Последняя поэма - Дмитрий Щербинин
Шрифт:
Интервал:
Закладка:
Часть 2. Шелест
В окончании прошлой части, я сказал, что в небольшом промежутке бумаги, намерен помянуть о многом. Действительно — так и вышло. Я ничего не скажу о путешествии через Казад-Дум, и в объяснении этого приведу только слова Фалко, которые были сказаны в предрассветный, апрельский час на дороге:
— Чувствуешь, чувствуешь ли, друг Хэм, как здесь все мило… Ах, какая же прелестная эта ночь! Ты ведь чувствуешь: воздух здесь такой особенный, какого нигде, нигде, даже в эльфийских садах, даже, уверен, в самом Валиноре нет! Он обнимает, он ласкает этой тьмою мягкой, он врачует… Смотри, смотри — это же Ижевичный овраг — совсем не изменился, будто и не уходил отсюда, будто и не было ничего… А, может, и правда ничего не было…. может — все дурной сон? Вот сделаю еще несколько шагов и… Даже и не верится — Холмищи увижу. Быстрее-быстрее, Хэм, друг ты мой милый! Ну, скажи, что — это был сон, что нам сейчас по двадцать, что вся жизнь впереди, и не было никаких драконов, и никаких орков, и никаких воронов…

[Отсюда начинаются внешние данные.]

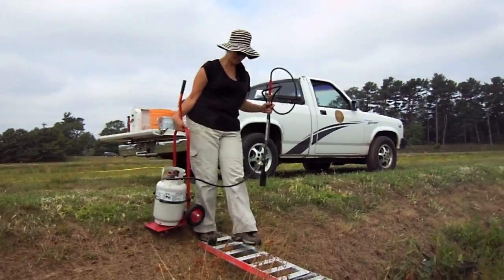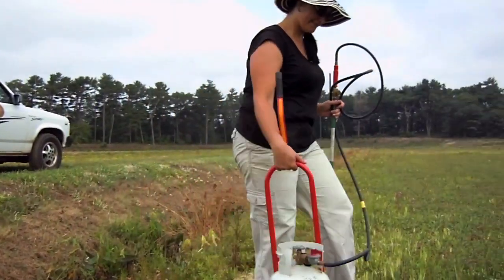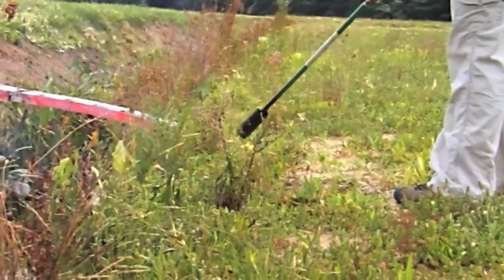Weeds growing in non-crop areas such as ditches, dikes, and bog edges can spread easily onto the farm area. Weeds in these areas are important to control.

И стоило ему помянуть про ворона, как безмятежный, но, вместе с тем, и трепетный покой апрельской ночи, словно резкий удар кнута расколол вороний крик — правда пришел он издали, и тут же смолк, и сомкнула эту заставившую их вздрогнуть рану, безграничная ночь. Звезды мягко сияли над их головами, Млечный путь тянулся через невообразимый простор, сиял мельчайшей, ласкающей взгляд, светящейся пылью звезд, так же как и сорок лет назад, и, глядя на это спокойствие, на тысячелетнюю неизменность, действительно казалось, что все страсти, которые вихрили их в течении всех последних лет, были не больше, чем дурной сон.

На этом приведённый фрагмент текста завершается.